Osei charged into the room after her, pulled up abruptly and bowed, murmuring his apologies. “Very sorry to disturb you, my lord. May I speak with you?”

Darkefell gazed at him. The fellow was still filthy from the stable yard. Osei was fastidious, and to appear before the dowager marchioness in such disarray must mean something was terribly amiss. The seriousness of the calamity was accentuated by the speaking look in Osei’s dark brown eyes behind the glinting lenses of his spectacles. He was agitated, a rare state for one so composed. The marquess then glanced back at his mother. Osei had a couple of letters in his hand, ones similar to the one his mother clutched, linen paper with a blue wax seal. “Certainly I’ll speak with you, Osei,” Darkefell said, motioning out toward the hallway.
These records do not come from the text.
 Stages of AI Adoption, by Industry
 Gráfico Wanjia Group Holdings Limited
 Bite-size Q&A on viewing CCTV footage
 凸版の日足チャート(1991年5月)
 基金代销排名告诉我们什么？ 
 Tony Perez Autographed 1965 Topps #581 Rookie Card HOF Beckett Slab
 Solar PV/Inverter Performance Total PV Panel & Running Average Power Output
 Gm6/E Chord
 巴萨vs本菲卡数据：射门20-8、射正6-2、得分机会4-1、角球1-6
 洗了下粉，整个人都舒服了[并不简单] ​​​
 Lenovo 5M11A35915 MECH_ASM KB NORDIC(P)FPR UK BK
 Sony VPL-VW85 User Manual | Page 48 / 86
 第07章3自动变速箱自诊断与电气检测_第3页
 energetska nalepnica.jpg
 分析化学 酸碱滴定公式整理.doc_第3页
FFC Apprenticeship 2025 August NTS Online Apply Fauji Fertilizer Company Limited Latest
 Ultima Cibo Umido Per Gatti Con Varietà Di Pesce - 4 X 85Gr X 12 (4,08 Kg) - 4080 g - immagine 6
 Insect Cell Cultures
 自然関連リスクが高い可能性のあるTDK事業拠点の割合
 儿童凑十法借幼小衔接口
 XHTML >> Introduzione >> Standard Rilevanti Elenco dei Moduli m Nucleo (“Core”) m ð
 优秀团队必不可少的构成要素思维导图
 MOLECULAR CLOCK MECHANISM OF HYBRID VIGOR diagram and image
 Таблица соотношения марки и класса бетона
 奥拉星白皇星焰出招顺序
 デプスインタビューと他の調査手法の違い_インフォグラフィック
“Oh, no, you’ll speak with me first,” Lady Darkefell said, grabbing his sleeve, the silver threads among her dark tresses glinting in the sunlight that beamed through the large open window. She took one more long breath, mastering her emotion, her ruddiness abating. She shook her hair back, released his sleeve, stiffened her back and stared at him. “You will answer me first before your fellow can warn you to make up more lies,” she said, her voice trembling with feeling.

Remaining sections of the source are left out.